Resistance Band Pull-Apart
Why it’s on the list: A great exercise to kick off your back workout, the resistance band pull-apart is simple but effective. Choose a resistance band that allows you to complete 1–2 sets of 15–20 reps with good form.
Muscles worked: The main movement of this exercise is scapular retraction, which involves pulling your shoulder blades together. This targets upper back muscles such as the rhomboids, rear deltoids, and trapezius.
Retraction exercises also help improve shoulder health by strengthening stabilizer muscles around your shoulders, including those that make up your rotator cuff.
Quadruped Single-Arm Dumbbell Row
Why it’s on the list: This exercise simplifies the row, addressing common form issues such as over-rowing at the top, overstretching at the bottom, and compensating with the lower back. It’s recommended to perform this exercise before any other rowing movements.
Muscles worked: This move targets the upper back muscles, including the latissimus dorsi, teres minor, teres major, posterior deltoids, rhomboids, and trapezius. It also builds strength in your arms and helps correct muscular imbalances by targeting each side individually.
Step -4 (Deadlift)
Why it’s on the list: The wide dumbbell row, similar to a barbell row, offers an increased range of motion and helps address muscular imbalances between sides. Start with light to moderate weights, such as 10-pound dumbbells, and gradually increase as you build strength. If you have lower back issues, approach this exercise with caution.

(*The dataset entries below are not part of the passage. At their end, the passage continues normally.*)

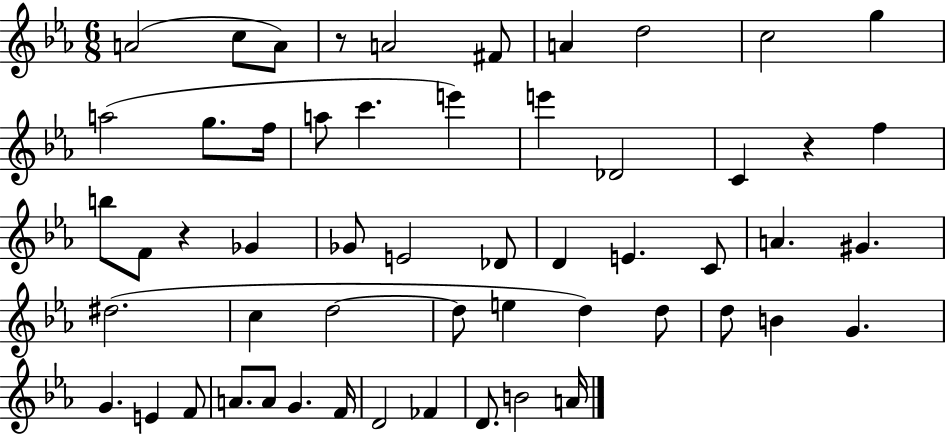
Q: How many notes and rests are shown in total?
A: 55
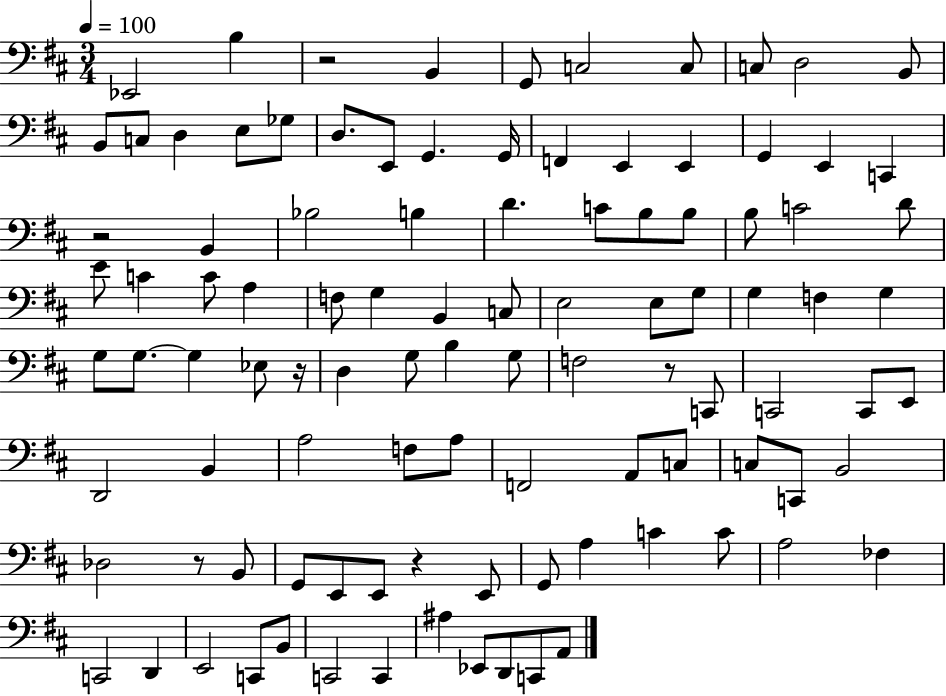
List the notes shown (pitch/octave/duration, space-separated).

Eb2/h B3/q R/h B2/q G2/e C3/h C3/e C3/e D3/h B2/e B2/e C3/e D3/q E3/e Gb3/e D3/e. E2/e G2/q. G2/s F2/q E2/q E2/q G2/q E2/q C2/q R/h B2/q Bb3/h B3/q D4/q. C4/e B3/e B3/e B3/e C4/h D4/e E4/e C4/q C4/e A3/q F3/e G3/q B2/q C3/e E3/h E3/e G3/e G3/q F3/q G3/q G3/e G3/e. G3/q Eb3/e R/s D3/q G3/e B3/q G3/e F3/h R/e C2/e C2/h C2/e E2/e D2/h B2/q A3/h F3/e A3/e F2/h A2/e C3/e C3/e C2/e B2/h Db3/h R/e B2/e G2/e E2/e E2/e R/q E2/e G2/e A3/q C4/q C4/e A3/h FES3/q C2/h D2/q E2/h C2/e B2/e C2/h C2/q A#3/q Eb2/e D2/e C2/e A2/e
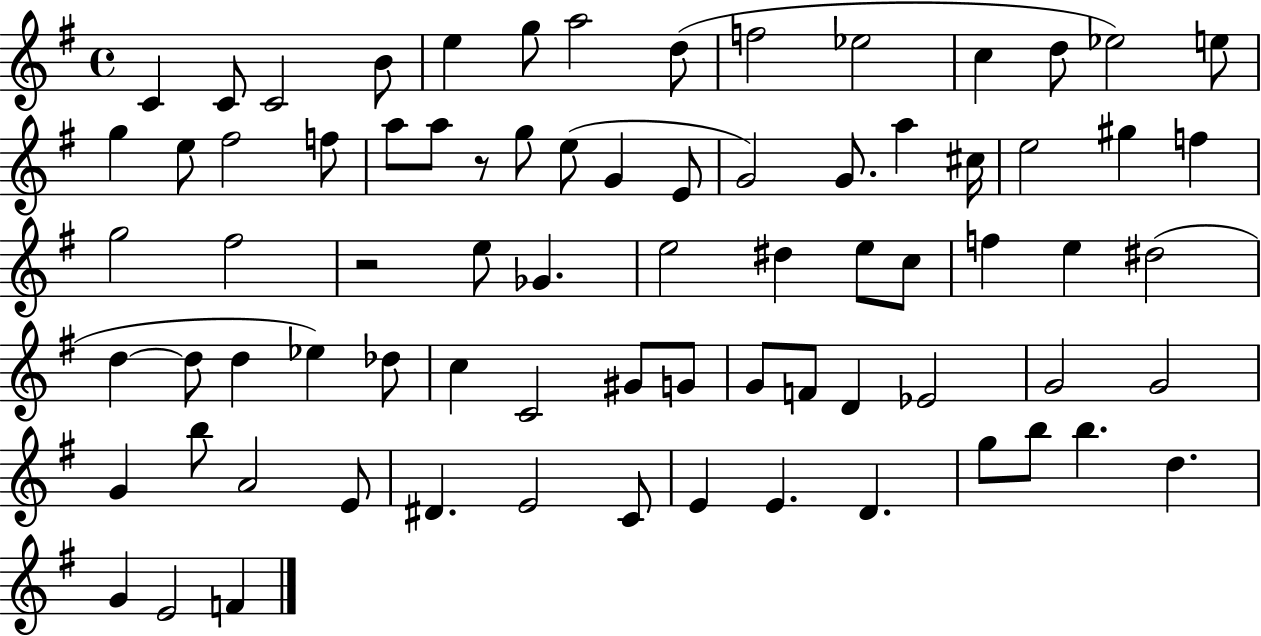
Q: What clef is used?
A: treble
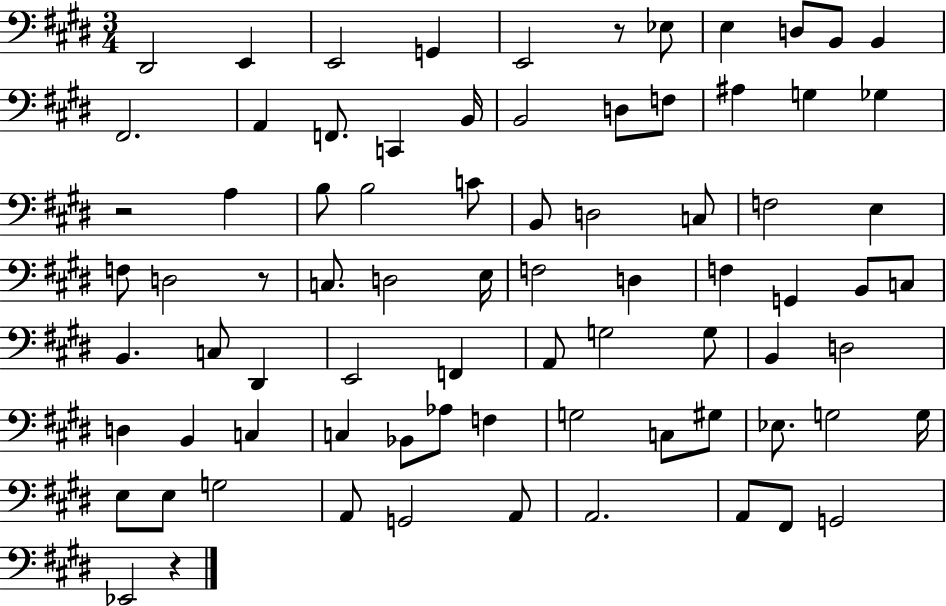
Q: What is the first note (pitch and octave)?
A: D#2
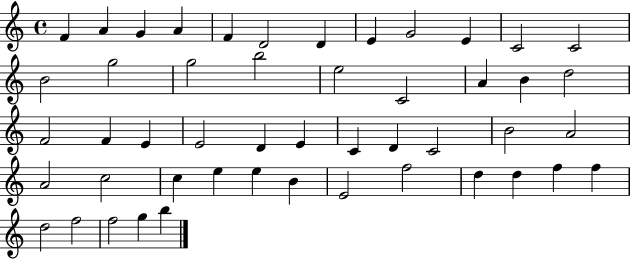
F4/q A4/q G4/q A4/q F4/q D4/h D4/q E4/q G4/h E4/q C4/h C4/h B4/h G5/h G5/h B5/h E5/h C4/h A4/q B4/q D5/h F4/h F4/q E4/q E4/h D4/q E4/q C4/q D4/q C4/h B4/h A4/h A4/h C5/h C5/q E5/q E5/q B4/q E4/h F5/h D5/q D5/q F5/q F5/q D5/h F5/h F5/h G5/q B5/q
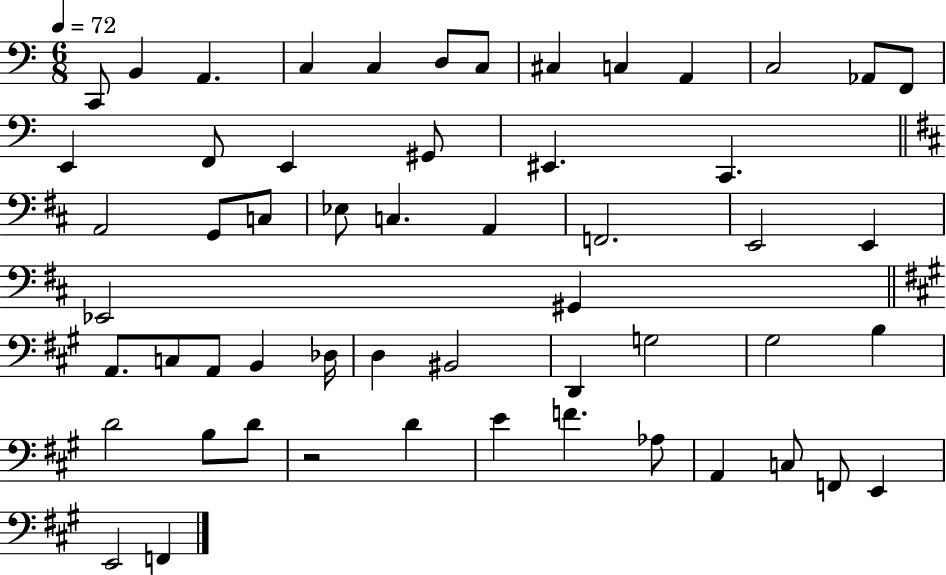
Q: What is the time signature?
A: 6/8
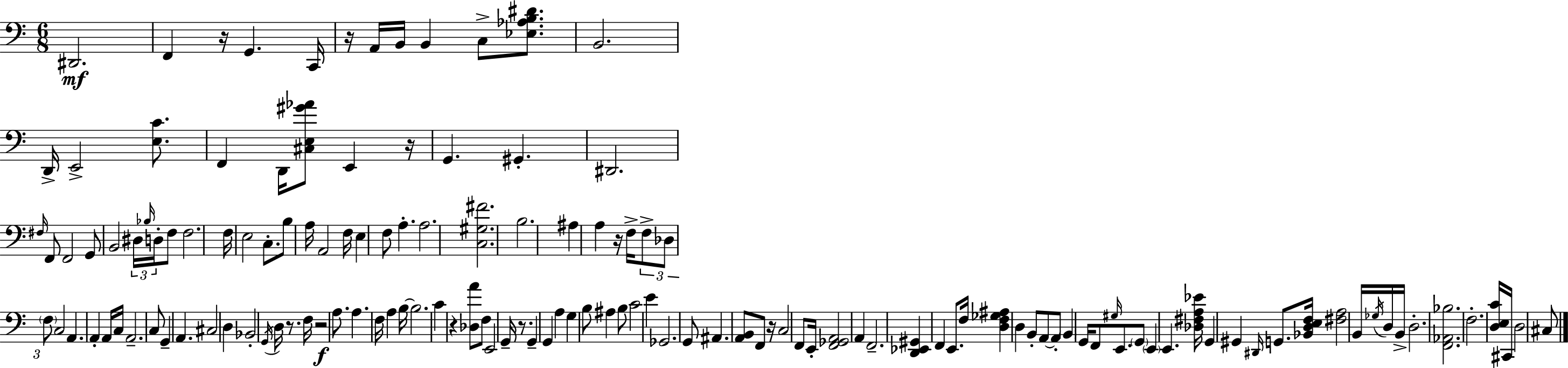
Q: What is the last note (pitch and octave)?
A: C#3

Muscles worked: This exercise targets most of the muscles in your back, including the latissimus dorsi, rhomboids, trapezius, and erector spinae.
Why it’s on the list: Back extensions are excellent for targeting your entire posterior chain, or the backside of your body. They’re an ideal exercise for beginners.
Muscles worked: Back extensions primarily focus on the back extensor muscles, or erector spinae. Depending on the variation, they can also engage your hamstrings and glutes to some extent.
Music and song during gym workout great motivation and energy boosting
Use your headphone and cell phone to get maximum motivation visit music pageIn addition, you may watch the video below for great workout motivation which is very important during gym workout but just remember don't ego lifting means taking heavy weights without preparation like warmup.